Carla wasn't there. Carla, a Guatemalan-American 10th-grader, represents hundreds of urban minority boys and girls I've worked with over the years. Though Carla struggled with reading and writing, she showed talent in science. Carla sought a summer program to learn more chemistry. Her chemistry teacher suggested the idea but didn't know of any summer programs; her guidance counselor had little to offer in the way of advice. Carla's two-hour Internet quest at the public library turned up only a handful of opportunities. Most were expensive, located out-of-state, or required a B+ average, which Carla, a novice English speaker, didn't have. Carla decided science wasn't for her.

Obama's "Educate to Innovate" campaign aims to "harness the power of media, interactive games, hands-on learning, and community volunteers to reach millions of students over the next four years." Sounds ambitious, but underneath the 21st-century shine, programming being lined up has a familiar 20th-century substance. One-day activities, demonstrations and short-term programs targeting highly-engaged students are not going to change who gets involved with science. "Educate to Innovate" does little to remove basic barriers: lack of information about opportunities, fees, transportation to and from programs, and academic eligibility requirements. Equally significantly, students like Carla rarely see themselves, their interests, or their lives reflected in programs or the adults running them.

Since Sputnik's launch, the national science education agenda has focused largely on school curriculum and out-of-school programs designed to recruit the "best and brightest" into the science workforce. This model has failed to reach most students of color, girls and students who are poor, despite decades of singular interventions aimed at leveling the playing field. Unless we complement existing strategies with systemic approaches that reach traditionally overlooked kids, we won't achieve equity of access, participation, or achievement in science in the United States.

In 1999, University of Chicago Paleontologist Paul Sereno and I co-founded Project Exploration to expand access to science for girls and young people of color.

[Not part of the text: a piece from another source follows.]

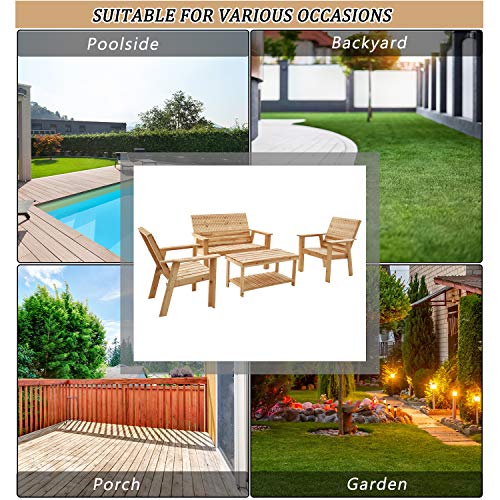 Festival Depot 2 Pieces Patio Furniture Outdoor Conversation Set Wood Armrest Loveseat Chair Stars and Strips Printing Dining Coffee Side Table 
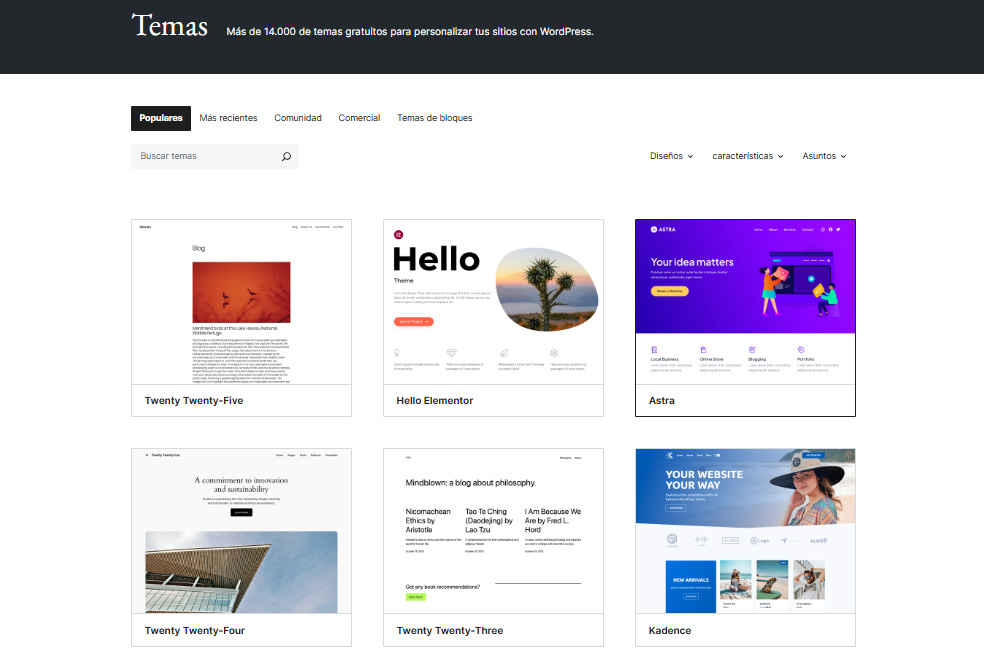 Elegir Un Tema Del Repositorio De WordPress Para El Desarrollo Web. Desarrollo Wordpress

Project Exploration puts students at the center through engaging after-school and summer programs like Sisters4Science and Junior Paleontologists. We create personalized experiences with science and scientists and foster and support long-term relationships that ensure students do meaningful work alongside scientists. We get students interested in science, keep students interested, and equip them to stay involved with science as long as they want.

In the past 10 years we've involved nearly 1000 Chicago Public School middle and high school students of color and girls in science. Although we target students who may not be academically successful, our alumni are significantly more likely to graduate high school, go to college and major in science than their peers. They attribute their persistence in school and science to participating in our programs. We are, literally, changing the face of science, one student at a time.

I applaud the Obama administration's ambitious goal of helping young people experience the wonder and discovery of science first hand. Elmo should help inspire our youngest children to have fun with science in their everyday lives. But we need more than media efforts, special days and competitions to transform science as usual. For young people like Carla to have a chance to contribute to the knowledge economy we need an inclusive, expansive and collaborative approach to science education that puts kids least likely to get involved with science at the center of comprehensive strategies.

Before we educate to innovate, we need to innovate how we educate to reach students like Carla. We need to connect classrooms and science teachers with the nation's burgeoning out-of-school science field; we need to give Carla a chance to experience first-hand the real work scientists do and hear from them about the questions they are asking. Most ideally we need to network efforts locally, regionally and nationally so Carla can easily find - and stay on - a path that includes science know-how, economic opportunity and passion for the future.